R&D Company Drug target Target drug name Time to market Marketing status in China
Eisai VEGFR lenvatinib (levatinib) 2015 Marketed in 2018, not yet covered by Medicare
Novartis mTOR everolimus (everolimus) 2009 Launched in 2013, Class B Medicare
Wyeth mTOR temsirolimus (tesilimus) 2007 Not available
Pfizer PDGFRα/β, VEGFR1/2/3, KIT, FLT3, RET sunitinib (sunitinib) 2006 launched in 2007, Class B Medicare
Bayer VEGFR1/2/3, PDGFR-β, B-raf, KIT, RET, C-Raf, FLT3 sorafenib tosylate (sorafenib) 2005 Launched in 2009, the first molecularly targeted drug for kidney cancer in China, Class B medical insurance
Genentech VEGF bevacizumab (bevacizumab) 2004 launched in 2010, Class B Medicare
GlaxoSmithKline VEGFR, PDGFR, KIT pazopanib (pazopanib) 2009 launched in 2017, Class B Medicare
Pfizer KIT, PDGFRβ, VEGFR1/2/3 axitinib (axitinib) 2012 launched in 2015, Class B Medicare
Takeda FLT3, KIT, MET, RET, VEGFR2 cabozantinib (cabozantinib) 2011 Not available

Among the targeted drugs for kidney cancer that have been marketed in China, sorafenib, sunitinib, and pazopanib are first-line treatment options, with sorafenib and sunitinib being the most widely used. If first-line treatment fails, second-line treatment drugs such as everolimus and axitinib can be chosen.

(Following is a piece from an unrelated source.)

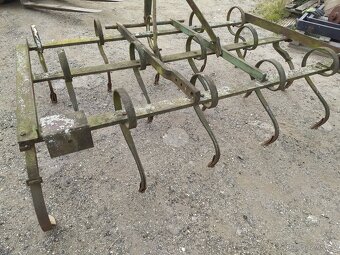 Kultivátor 15 per, záběr 2 m, příprava na brány, v provozu - 2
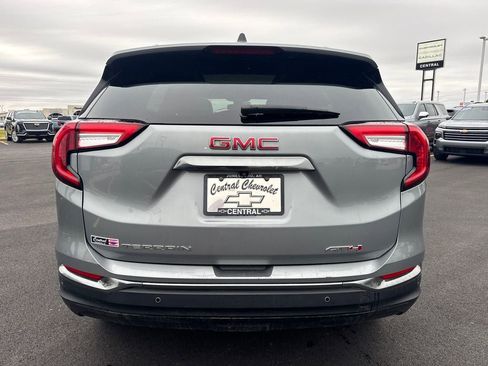 Used 2024 GMC Terrain AT4 w/ Infotainment Package II AWD/4WD image 9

Before choosing targeted drug therapy, one should also understand the toxic side effects that each drug can cause. In general, targeted drugs with similar mechanisms of action have almost the same adverse effects. Common adverse reactions to targeted drugs for kidney cancer include:

  • Hand-foot syndrome
  • Stomatitis
  • High blood pressure
  • Loss of body weight
  • Diarrhea
  • Decreased white blood cells
  • Decreased platelets
  • hypothyroidism
  • Rash
  • Liver function abnormalities
  • Depigmentation of skin and hair

These adverse reactions are generally mild to moderate and can be tolerated by most patients, and even if serious adverse reactions occur, they can be resolved with drug dose adjustment and symptomatic management. Therefore, before treatment with targeted drugs, you should consult with your doctor about possible adverse reactions, and your doctor will choose the right drug for your specific condition:

  • Sunitinib should be used with caution in patients with the following conditions.

    • thyroidal dysfunction;
    • Significantly decreased left ventricular ejection fraction (LVEF);
    • Significantly decreased left ventricular ejection fraction (LVEF)
    • Chronic heart disease (chronic heart failure, coronary artery disease, etc.);
    • Severe uncontrolled hypertension.

  • High incidence of hand-foot skin reactions and gastrointestinal toxic side effects caused by sorafenib, not for patients with chronic gastrointestinal disease.
  • Everolimus should be used with caution in patients with poor lung function, pneumonia, or other active infections.

There are currently no effective biomarkers for targeted therapy in kidney cancer, but patients can be finely stratified according to the disease itself. For some patients with slow-growing tumors, an active surveillance strategy can be used, whereas for tumors with a large tumor load and rapid growth, targeted drug therapy needs to be given promptly.